= Cardiac diet =

Diet aiding cardiovascular health

A cardiac diet also known as a heart healthy diet is a diet that is focused on reducing sodium and fat and cholesterol intake. The diet concentrates on reducing "foods containing saturated fats and trans fats" and substituting them with "mono and polyunsaturated fats". The diet advocates increasing intake of "complex carbohydrates, soluble fiber and omega 3 fatty acids" and is recommended for people with cardiovascular disease or people looking for a healthier diet.

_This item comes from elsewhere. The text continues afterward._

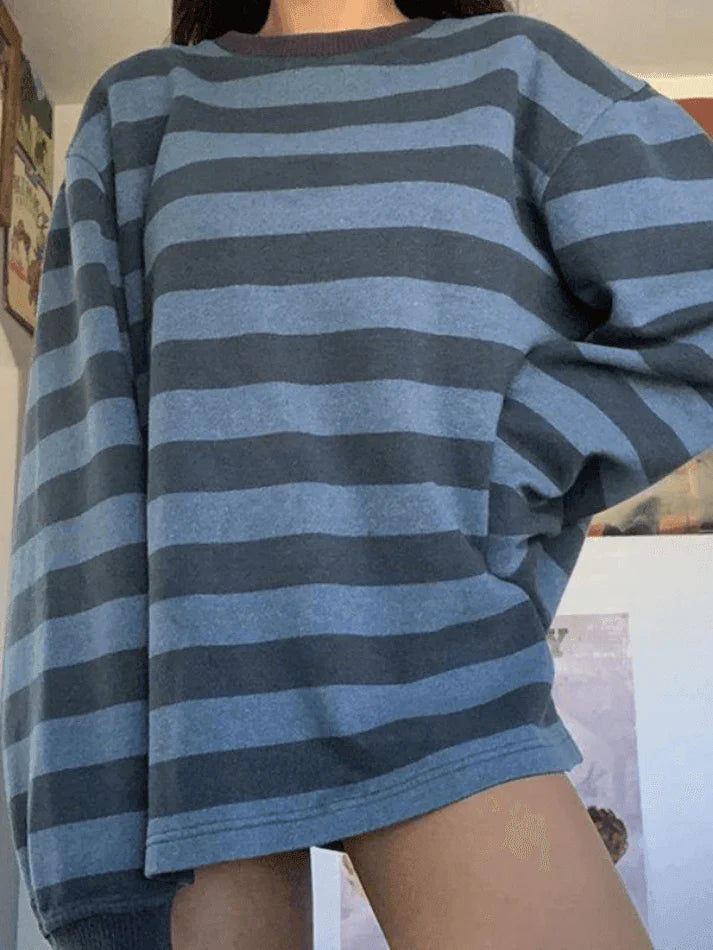 Vintage Striped Pullover Sweatshirt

The diet limits the intake of meat, dairy products, egg products, certain desserts and caffeine. The cardiac diet emphasizes a fruit and vegetable based diet. Foods such as spinach, cauliflower, broccoli, tomatoes, bok choy, arugula, bell peppers, and carrots are recommended. Fiber is also recommended, foods such as oats, beans, ground flaxseed and berries are advised. A healthy cardiac diet "allows for an estimated 25–30% of total calories from fat" mostly from mono and polyunsaturated fats. Since 2006, the American Heart Association have been "substantially more stringent on saturated fat intake". Besides the diet recommended by the American Heart Association, a Mediterranean diet or ovo-lacto vegetarianism are also viable.

Commercial cardiac diets are also available for pets such as cats and dogs with cardiovascular health issues.